▶ [WORK ORDER]:
Within the entries below, output exactly the lines between the line containing "Greeting Cards Funny" and the line containing "Conical Hat - National", inclusive, and omit any picture.

Top of DATA TO EXAMINE

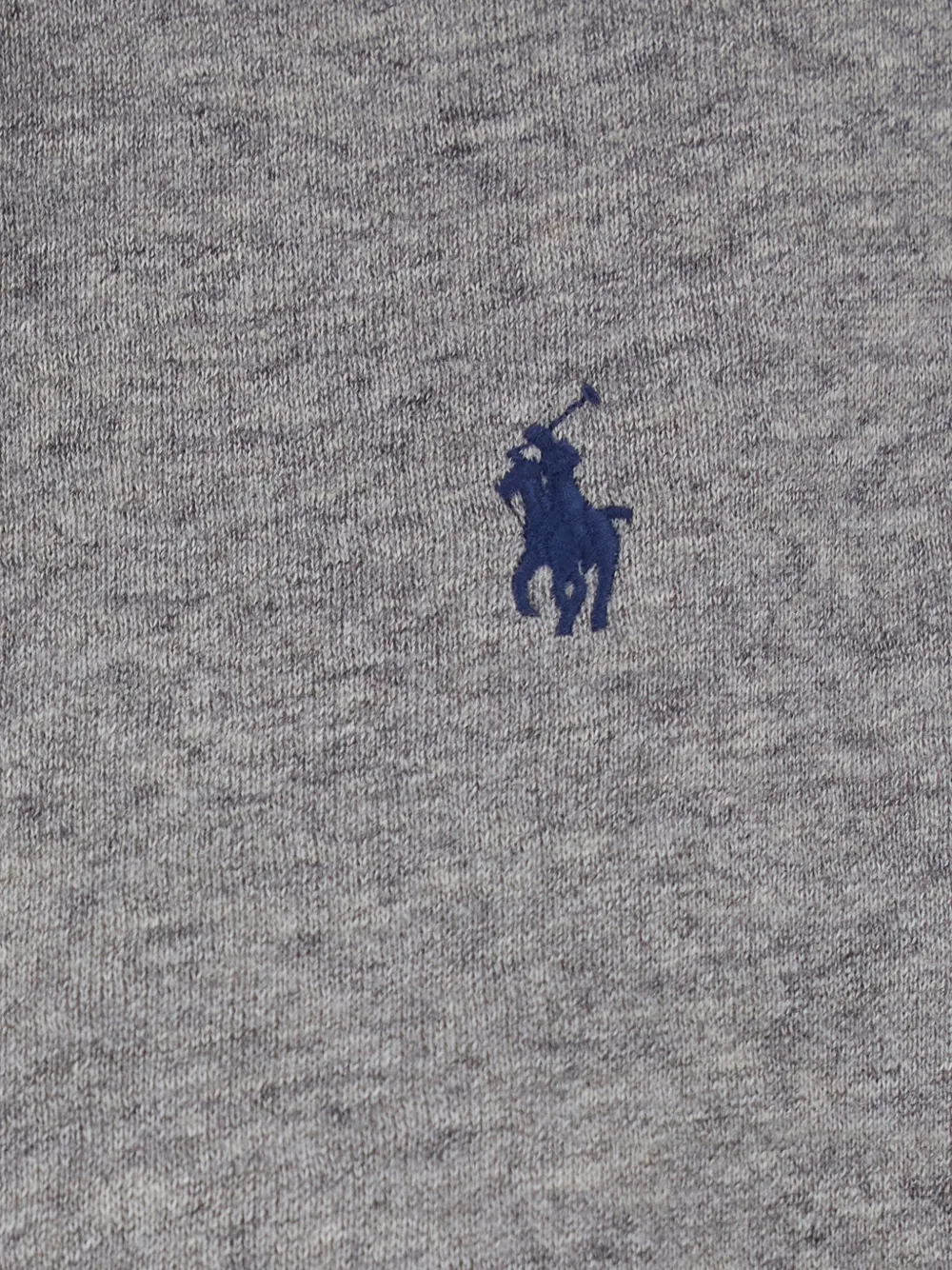 Polo Ralph Lauren Hoodie met geborduurd logo Grijs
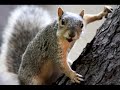 Funny Birthday Song (Sammy the... - Family Wishes ecards - Birthday Greeting Cards Funny Birthday Song (Sammy the... - Family Wishes ecards - Birthday Greeting Cards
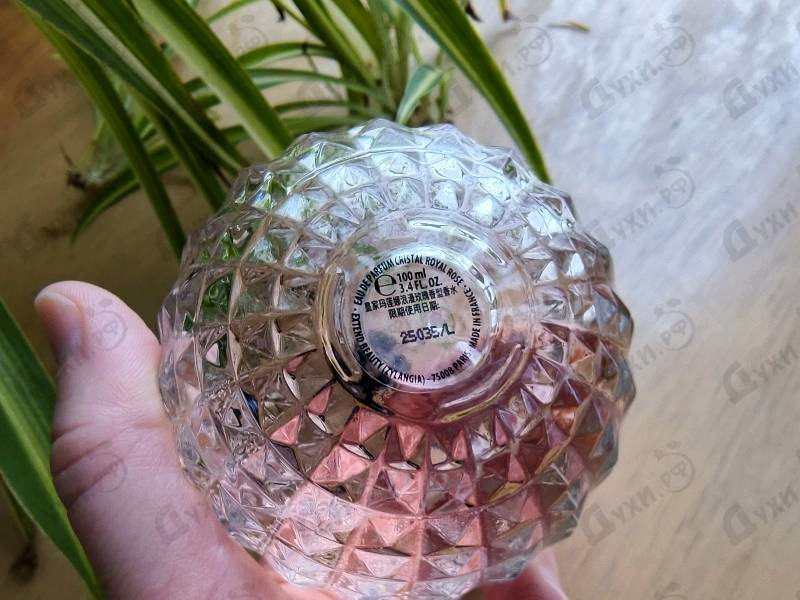 Парфюмерия Cristal Royal Rose от Marina De Bourbon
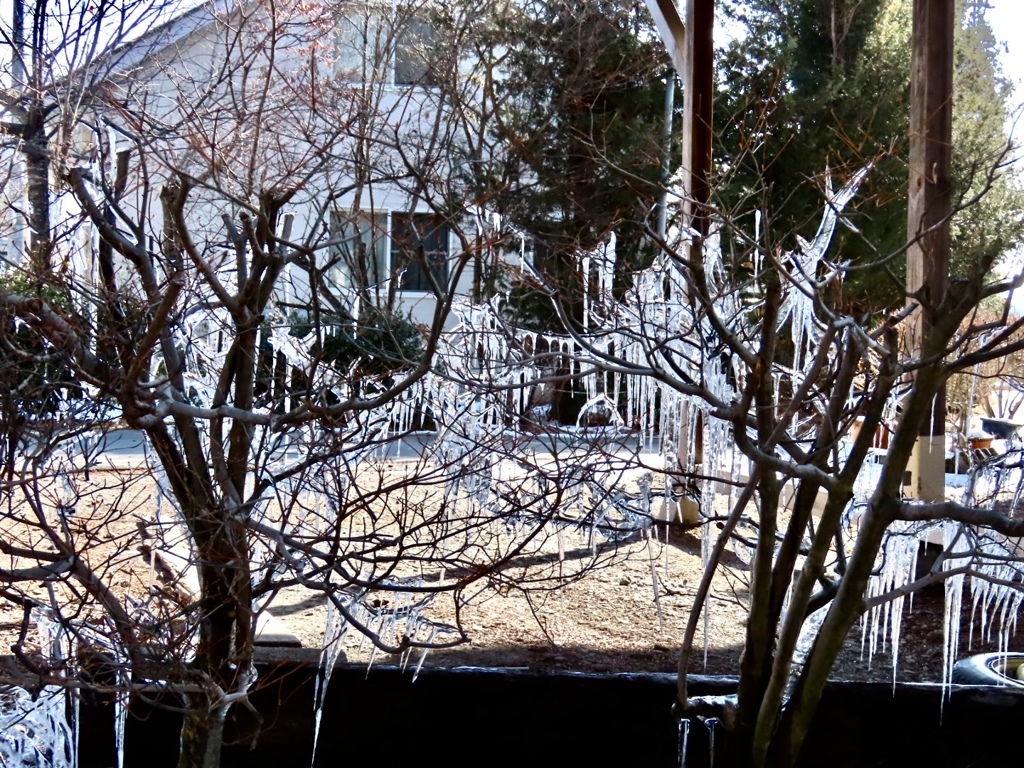 屋根の雪解け水が
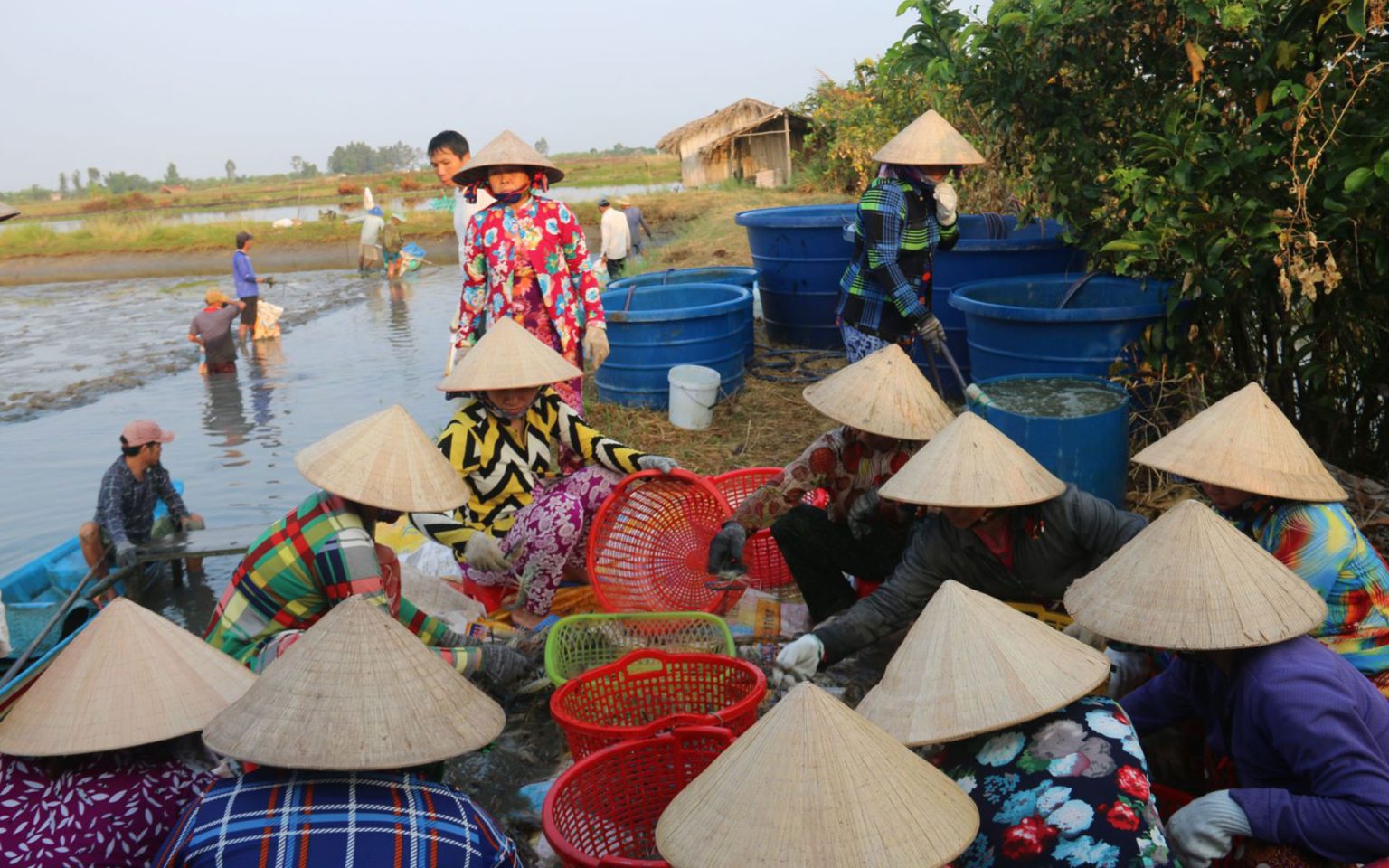 Conical Hat - National Headgear And Symbol Of Vietnam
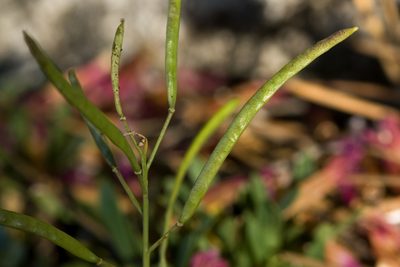 Boechera davidsonii, photographed by Cecelia Alexander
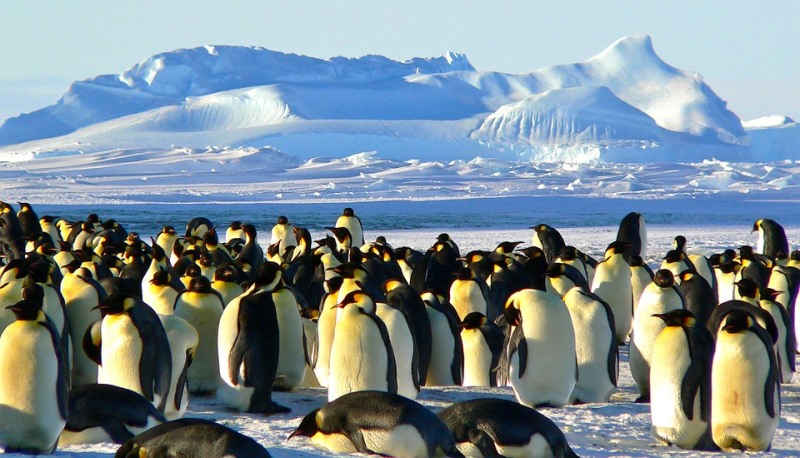 happy feet vai dançar: emperadores pinguins ameaçados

Bottom of DATA TO EXAMINE

▶ [SOLUTION TO THIS EXERCISE]:
 Funny Birthday Song (Sammy the... - Family Wishes ecards - Birthday Greeting Cards Funny Birthday Song (Sammy the... - Family Wishes ecards - Birthday Greeting Cards
 Парфюмерия Cristal Royal Rose от Marina De Bourbon
 屋根の雪解け水が
 Conical Hat - National Headgear And Symbol Of Vietnam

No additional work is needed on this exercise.